### Data extract

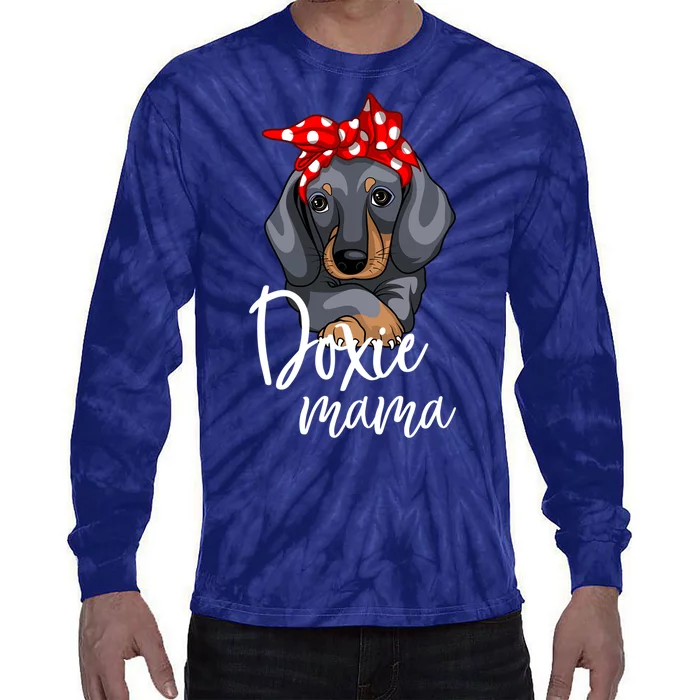 Funny Doxie Mama Dachshund Lover Weiner Dog Gift Tie-Dye Long Sleeve Shirt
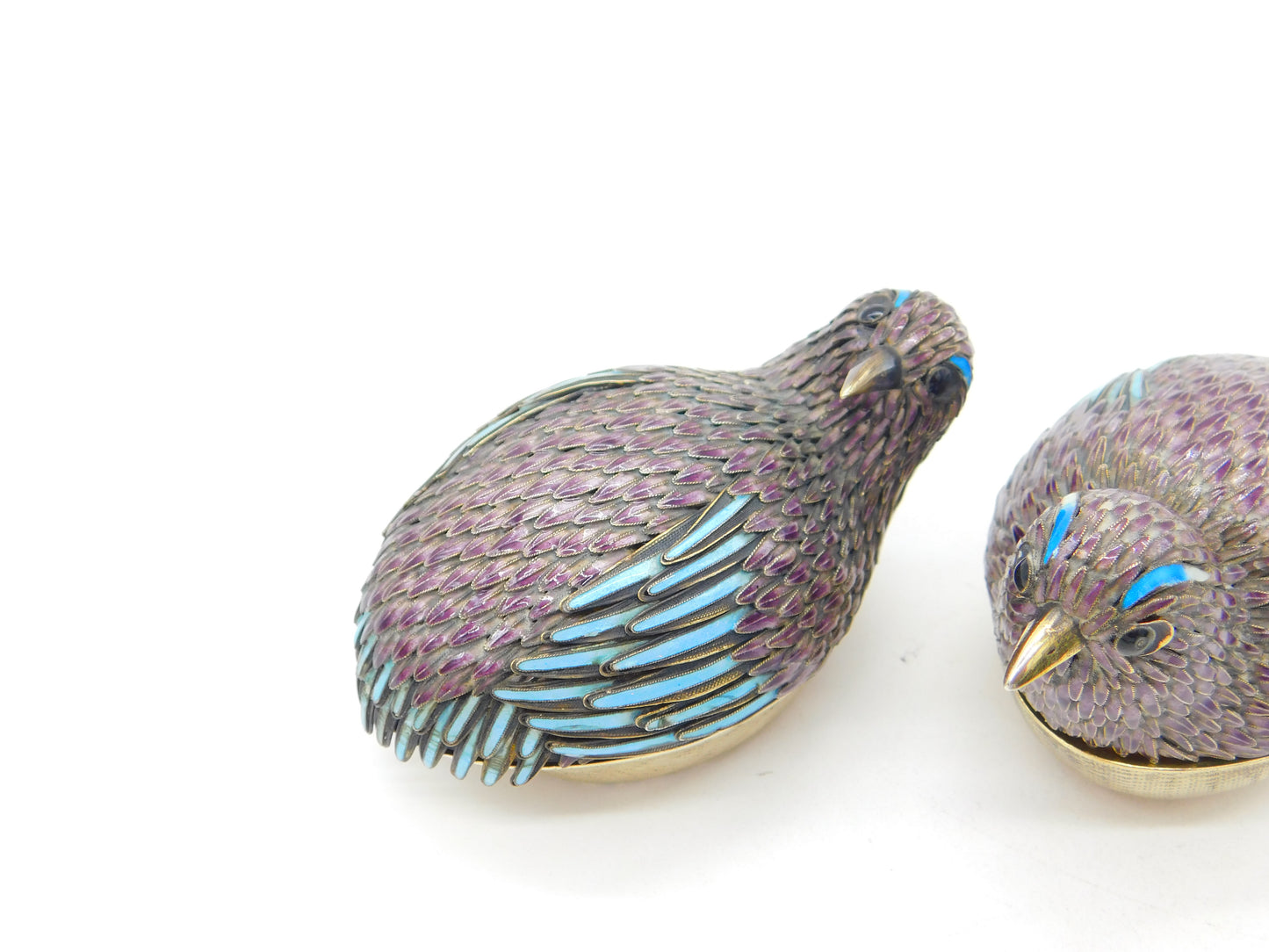 Pair of Chinese Sterling Silver Purple-Blue Enamel Quail Bird Trinket Boxes 1920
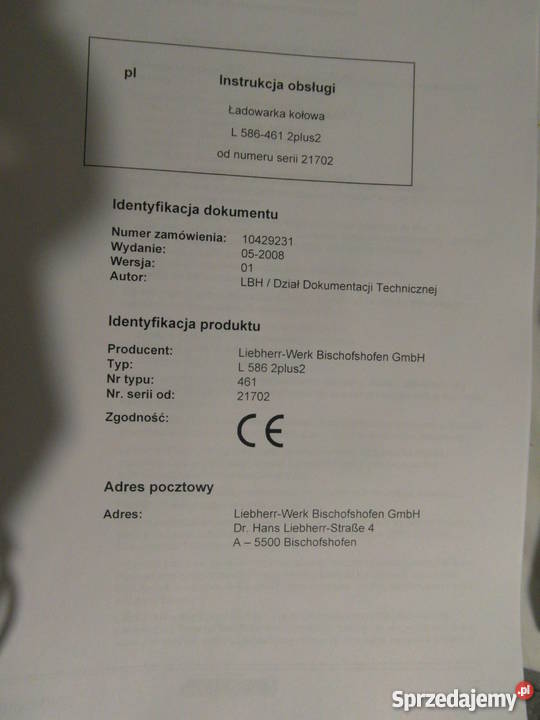 dtr instrukcja obsługi ładowarka liebherr l 586 sprzedam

######

### Work task
The line containing "Pair of Chinese" marks the start: set down exactly that line and every line after it through the last line of the data, without any pictures.

### Solved exercise
 Pair of Chinese Sterling Silver Purple-Blue Enamel Quail Bird Trinket Boxes 1920
 dtr instrukcja obsługi ładowarka liebherr l 586 sprzedam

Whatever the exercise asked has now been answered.